Please write the listing below out again exactly, leaving every picture behind.
┌─ Materials provided
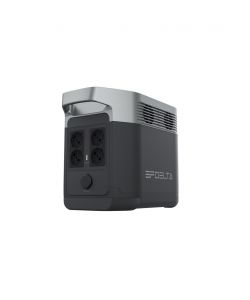 Generatore di corrente Power Station Portatile EcoFlow DELTA MAX 2000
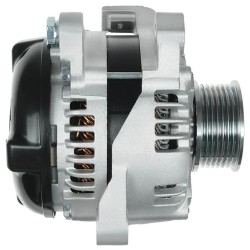 Alternador sustituye 104210-3780 / 102211-0750 / 27060-25260 Toyota 100A
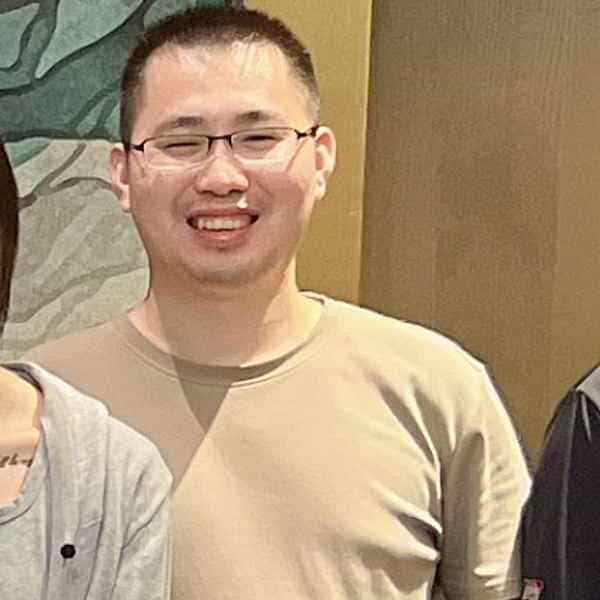36岁岁广东单身帅哥 - 长治吉缘网
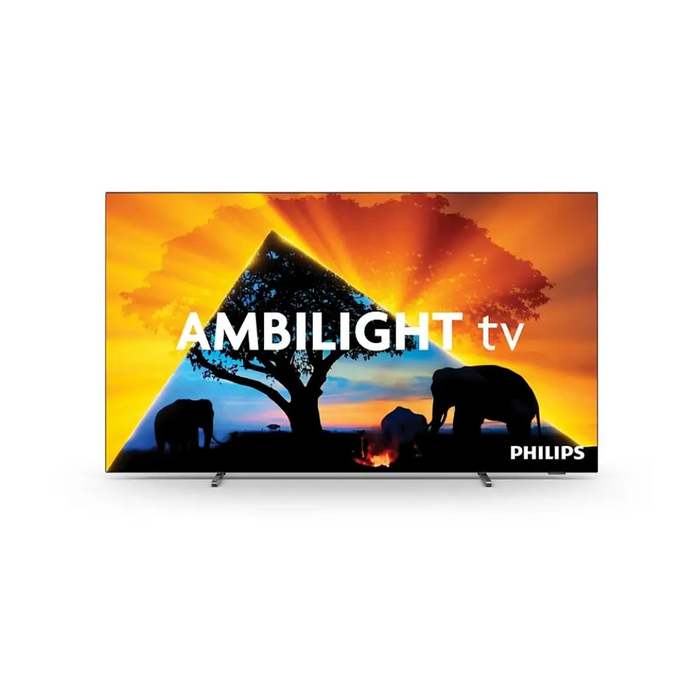 Телевизор PHILIPS 55OLED769/12 55’’(139 см) OLED 4K Ultra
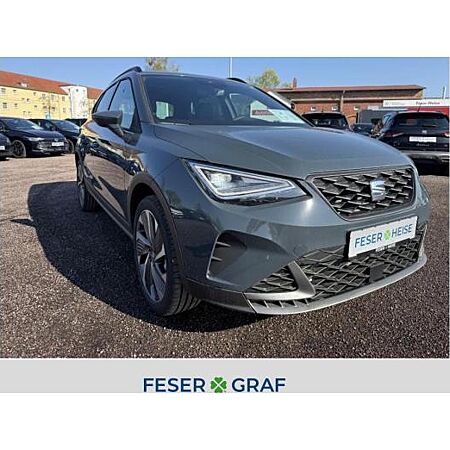 Seat Arona leasen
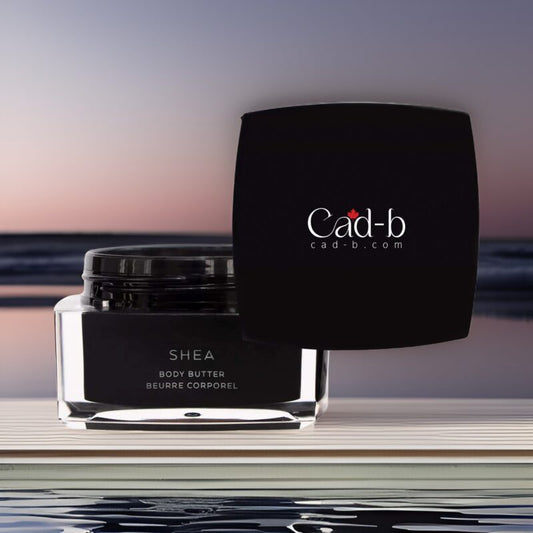 Shea Body Butter | Cruelty Free, Paraben Free - Which Mark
└─
Result:
 Generatore di corrente Power Station Portatile EcoFlow DELTA MAX 2000
 Alternador sustituye 104210-3780 / 102211-0750 / 27060-25260 Toyota 100A
36岁岁广东单身帅哥 - 长治吉缘网
 Телевизор PHILIPS 55OLED769/12 55’’(139 см) OLED 4K Ultra
 Seat Arona leasen
 Shea Body Butter | Cruelty Free, Paraben Free - Which Mark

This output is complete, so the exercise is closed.